The Conscious Interview: Sam Bleakley

The Conscious Interview: Sam Bleakley 830 437 The Conscious Professional

It’s time for July’s conscious interview!


This month features Sam Bleakley. Sam is an international longboard surfing champion, travel writer and geographer. He is a specialist on emerging surf cultures in Africa, Asia and the Caribbean, with particular interest in a new wave of Asian surfers who advocate the ancient practices of mindfulness in Buddhism and Taoism. He has produced and presented surf travel films all over the world, and is brand ambassador of UK surfing project, The Wave. He is currently researching a PhD on surfing, Haiti and new modes of travel writing. Sam lives above a Cornish beach with his family and his new book Mindfulness and Surfing: Reflections for Saltwater Souls is published by Leaping Hare Press.

Where is home?

Gwenver Beach, next to Sennen Cove, just north of Lands End at the western tip of Cornwall, UK.

When did you first come across mindfulness / meditation?

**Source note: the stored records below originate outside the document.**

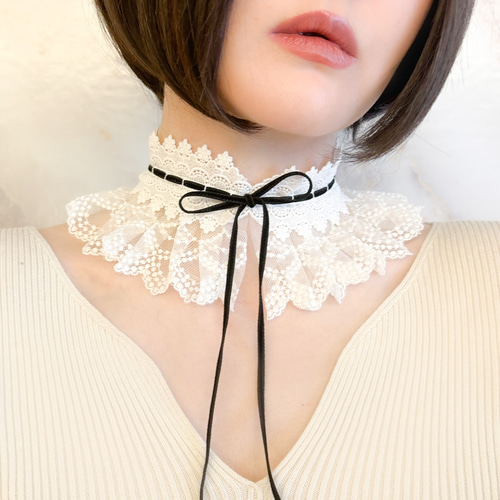 あなたにめぐり逢えたら:白レースプリーツの付け襟チョーカー あなたにめぐり逢えたら:白レースプリーツの付け襟チョーカー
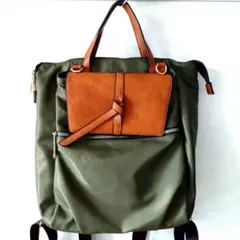 【美品】QUAY 3way ナイロン リュック カーキ イマイバッグ 撥水のサムネイル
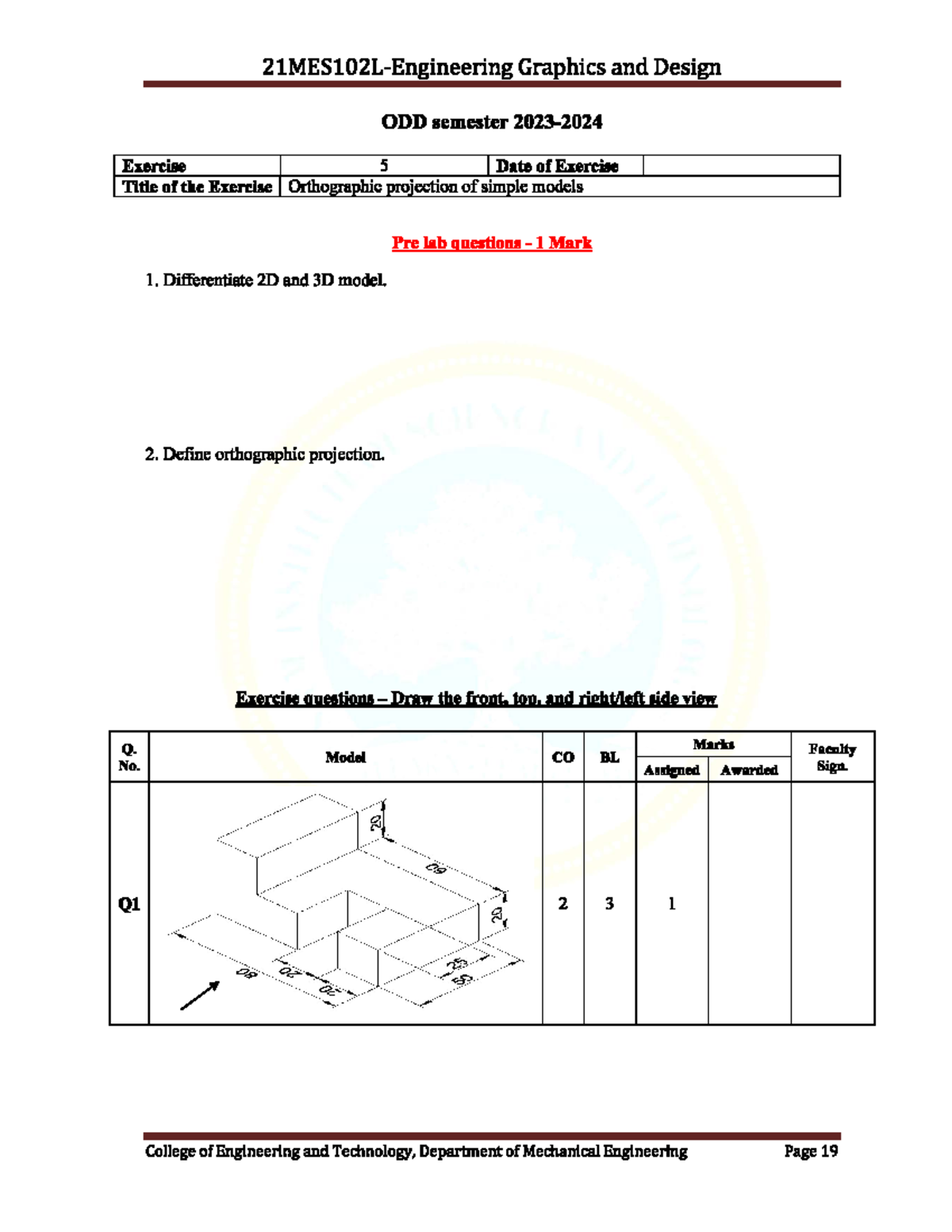 EXAM Paper - design and analysis of algorithm - Graphics and Design ODD ...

Likely not the answer you’re expecting for, but, if you define mindfulness and meditation as ‘being in the present’, then surfing was my primary introduction to mindfulness. Surfing is a powerful way to be ‘in the present’ and engage intimately with not just the internal mind, but (and for me equally important) the external environment. I believe that mindfulness in surfing is, paradoxically, a moving out of mind into the world, moving against the grain of inner-directed thought and reflection into an acute sense of what the environment demands of us – for example (as a surfer) where winds, currents, beach shapes, wave types and lunar-tidal movements meet. In this sense, we move from ‘egology’ to ecology and we generate a ‘bodymindfulness’, locating ourselves in place and space.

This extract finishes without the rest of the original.